▸ **Exercise data**:
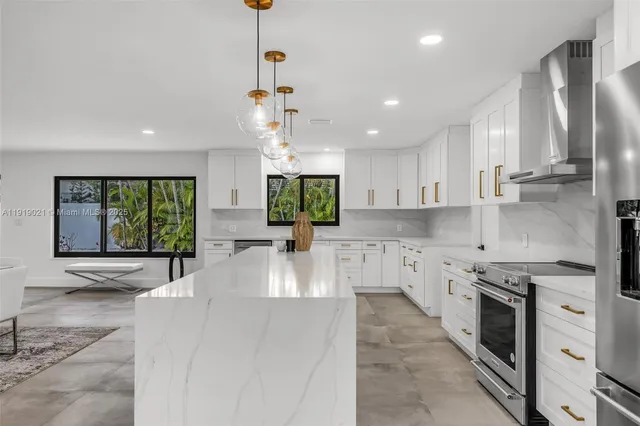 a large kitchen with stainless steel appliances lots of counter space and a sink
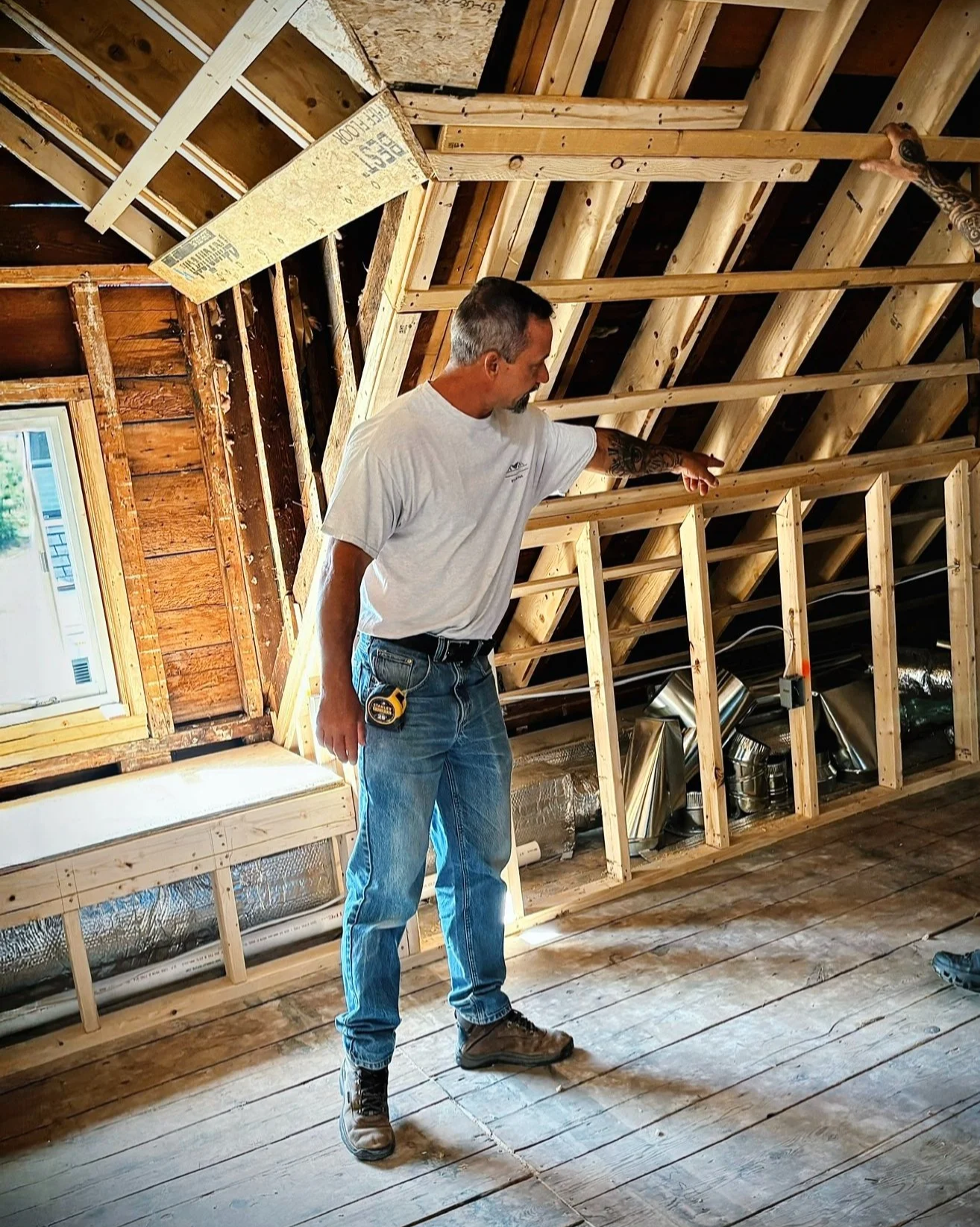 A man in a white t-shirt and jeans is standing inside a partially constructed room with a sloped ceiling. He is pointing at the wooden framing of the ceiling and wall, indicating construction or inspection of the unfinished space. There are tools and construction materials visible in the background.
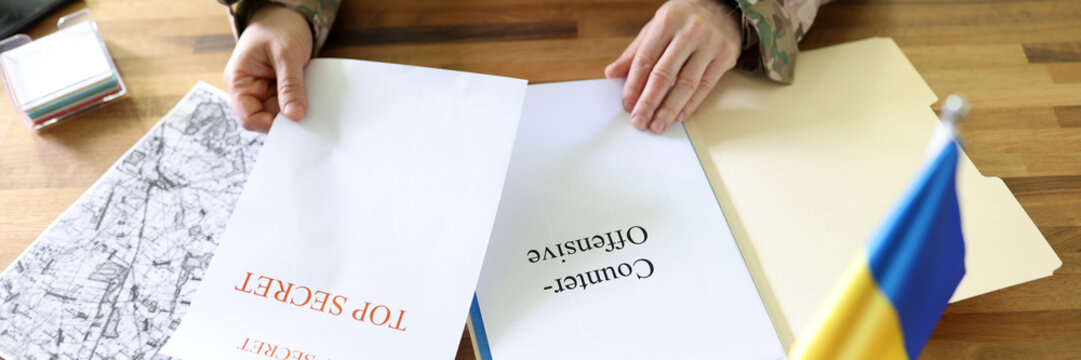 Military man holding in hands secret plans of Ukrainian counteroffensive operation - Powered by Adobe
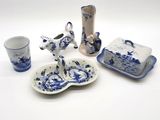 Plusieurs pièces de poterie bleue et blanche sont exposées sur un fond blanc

▸ **Try it**: Produce an exact copy of the lines from the line containing "Military man holding" to the end of the material, both ends included, and omit every picture.

▸ **The answer**:
 Military man holding in hands secret plans of Ukrainian counteroffensive operation - Powered by Adobe
 Plusieurs pièces de poterie bleue et blanche sont exposées sur un fond blanc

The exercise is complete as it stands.